[[ Records provided open ]]

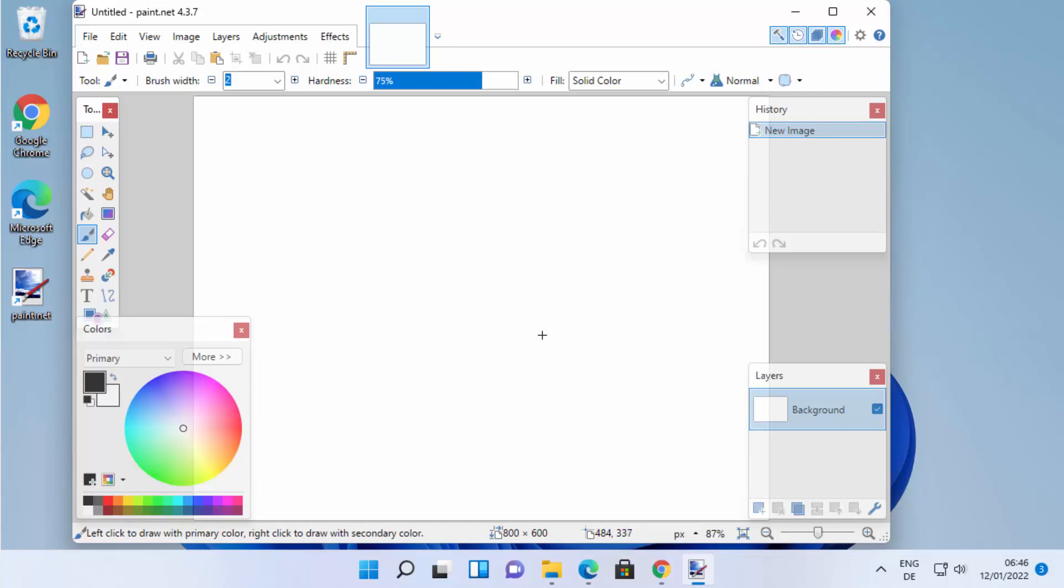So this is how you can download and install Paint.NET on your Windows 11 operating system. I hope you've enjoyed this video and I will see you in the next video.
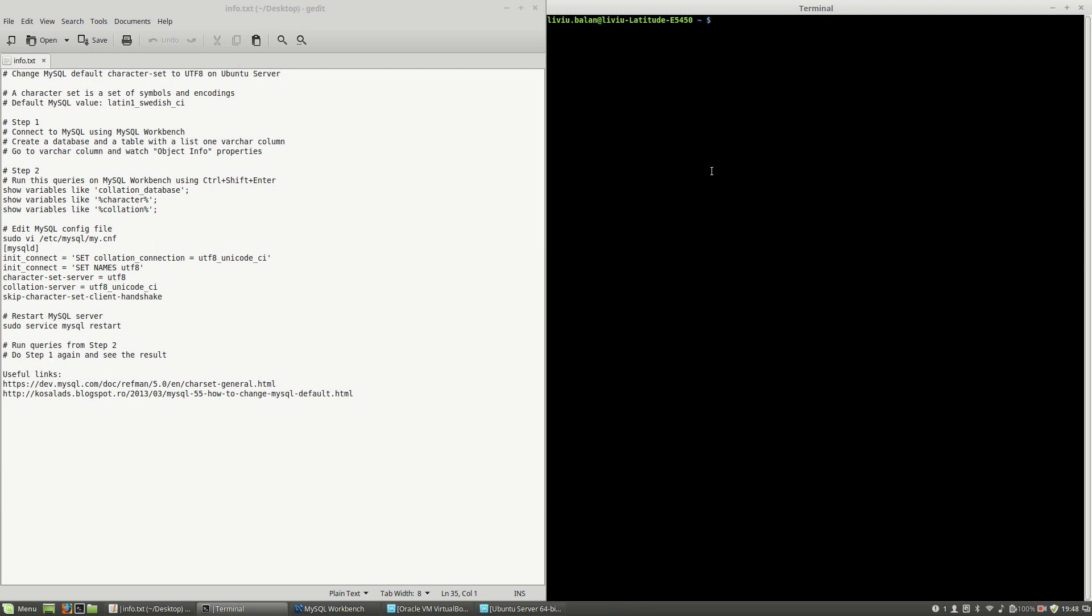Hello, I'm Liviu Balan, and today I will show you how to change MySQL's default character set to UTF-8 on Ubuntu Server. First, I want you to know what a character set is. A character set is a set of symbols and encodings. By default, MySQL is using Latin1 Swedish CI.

[[ Records provided closed ]]
[[ Records provided open ]]

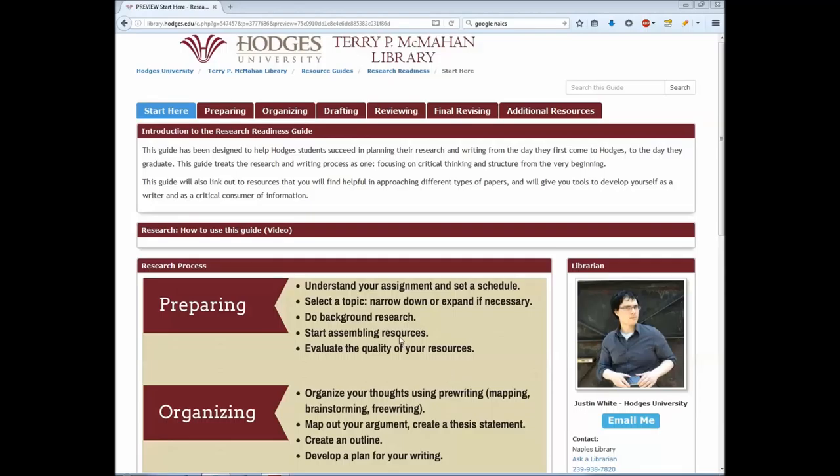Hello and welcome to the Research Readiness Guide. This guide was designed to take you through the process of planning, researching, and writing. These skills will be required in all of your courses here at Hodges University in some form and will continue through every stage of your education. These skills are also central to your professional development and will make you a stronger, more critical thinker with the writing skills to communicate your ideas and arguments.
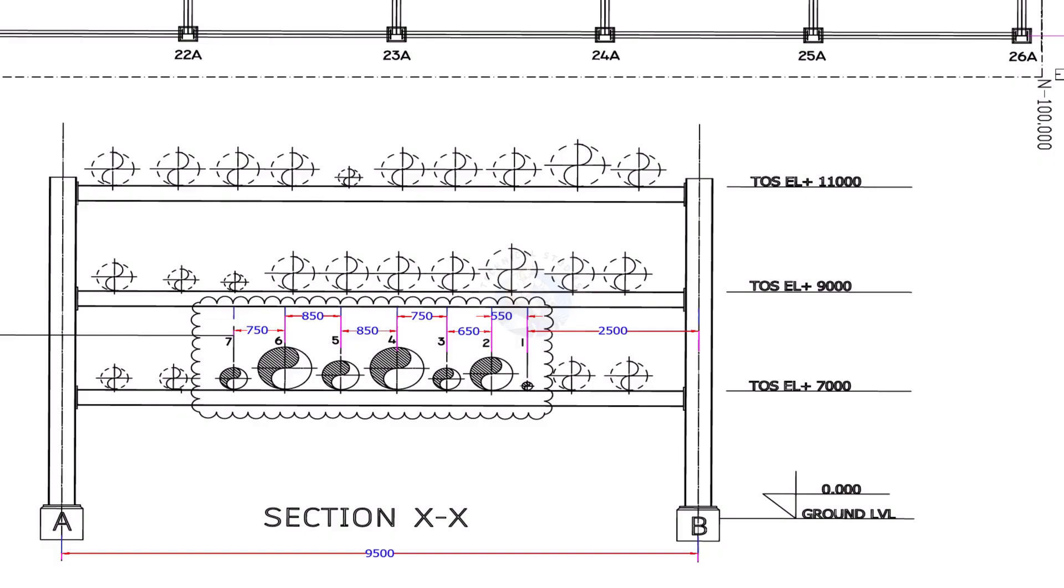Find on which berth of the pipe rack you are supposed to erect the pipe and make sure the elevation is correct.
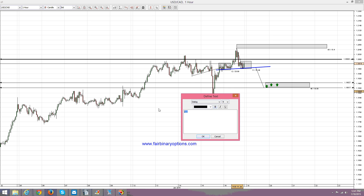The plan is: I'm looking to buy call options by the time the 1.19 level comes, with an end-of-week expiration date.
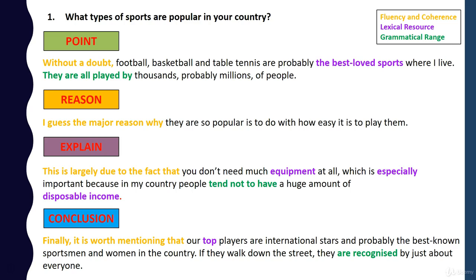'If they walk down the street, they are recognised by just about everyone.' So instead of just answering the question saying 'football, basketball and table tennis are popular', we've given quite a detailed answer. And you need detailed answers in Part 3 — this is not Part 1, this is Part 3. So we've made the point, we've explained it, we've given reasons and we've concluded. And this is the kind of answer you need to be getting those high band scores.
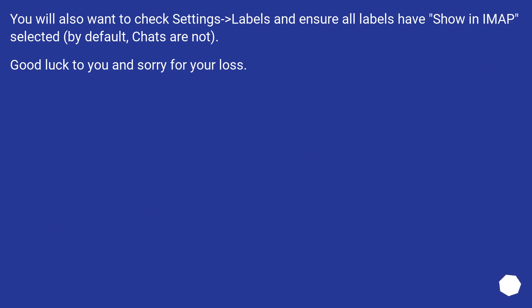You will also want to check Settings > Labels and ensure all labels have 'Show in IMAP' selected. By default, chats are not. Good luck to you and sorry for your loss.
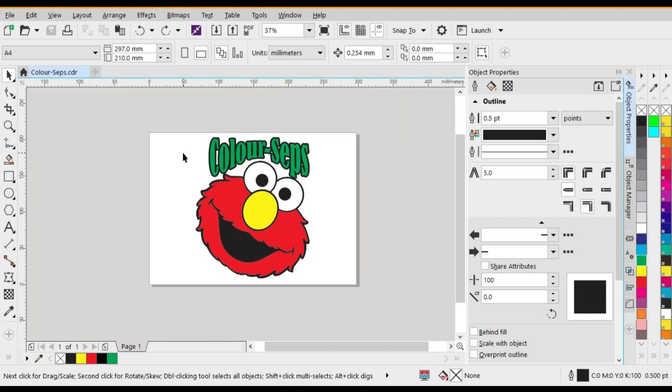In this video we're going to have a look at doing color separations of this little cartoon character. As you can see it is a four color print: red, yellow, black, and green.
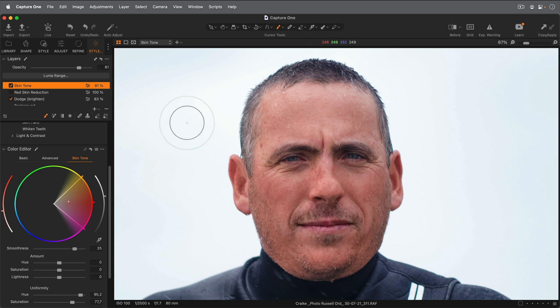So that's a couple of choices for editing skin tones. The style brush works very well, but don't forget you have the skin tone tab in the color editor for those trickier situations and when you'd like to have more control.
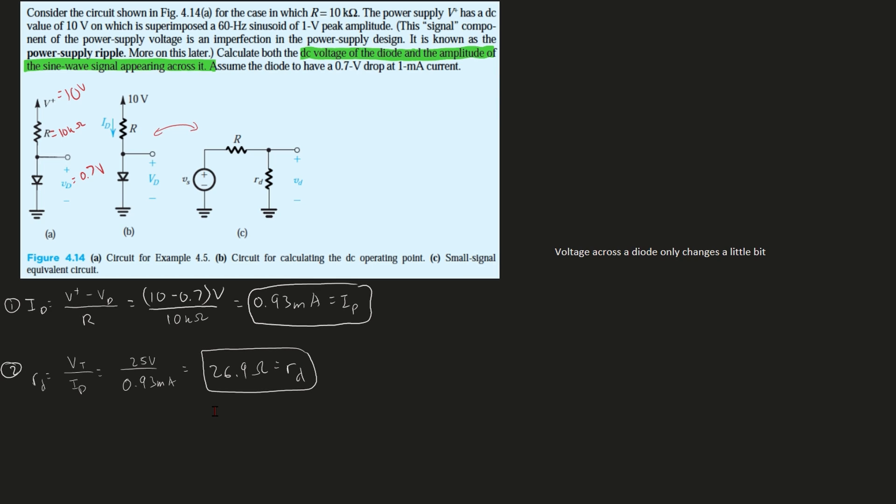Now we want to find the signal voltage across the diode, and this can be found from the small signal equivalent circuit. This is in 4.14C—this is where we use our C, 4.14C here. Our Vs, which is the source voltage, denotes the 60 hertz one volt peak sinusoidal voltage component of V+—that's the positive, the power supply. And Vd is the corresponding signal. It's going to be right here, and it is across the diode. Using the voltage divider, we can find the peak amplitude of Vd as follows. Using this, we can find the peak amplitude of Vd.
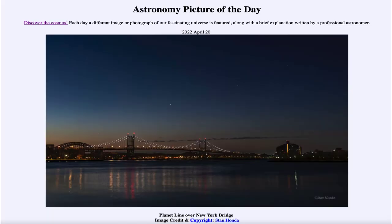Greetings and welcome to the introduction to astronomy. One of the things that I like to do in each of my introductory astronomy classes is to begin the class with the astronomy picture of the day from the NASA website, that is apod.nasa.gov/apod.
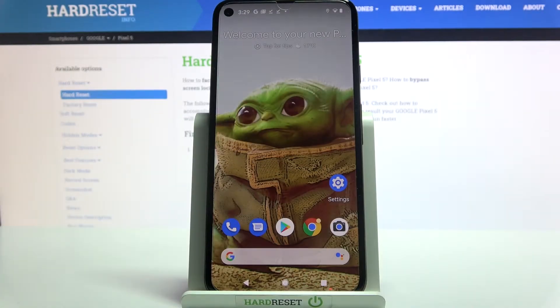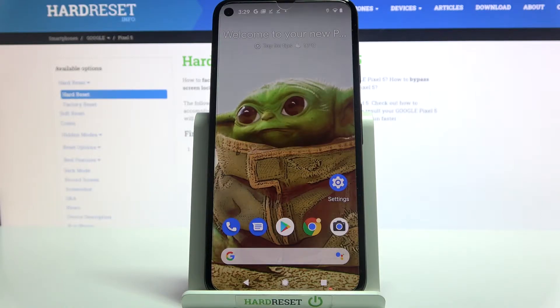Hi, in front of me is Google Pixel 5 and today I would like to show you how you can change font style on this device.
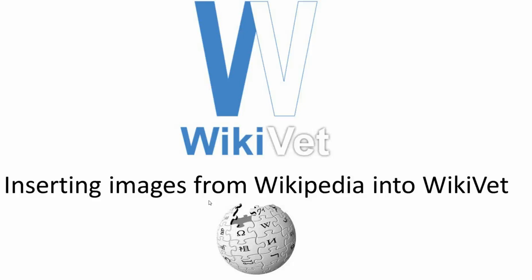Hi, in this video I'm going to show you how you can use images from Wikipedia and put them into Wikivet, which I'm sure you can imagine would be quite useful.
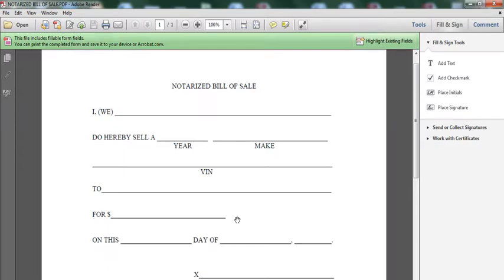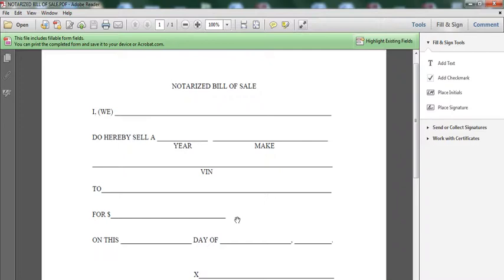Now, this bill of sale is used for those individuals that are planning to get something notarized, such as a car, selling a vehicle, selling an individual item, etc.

[[ Records provided closed ]]

Take the material above and output only the lines from the one that contains "So this is how" through the one that contains "Hello, I'm Liviu", ends included and images left out.

So this is how you can download and install Paint.NET on your Windows 11 operating system. I hope you've enjoyed this video and I will see you in the next video.
Hello, I'm Liviu Balan, and today I will show you how to change MySQL's default character set to UTF-8 on Ubuntu Server. First, I want you to know what a character set is. A character set is a set of symbols and encodings. By default, MySQL is using Latin1 Swedish CI.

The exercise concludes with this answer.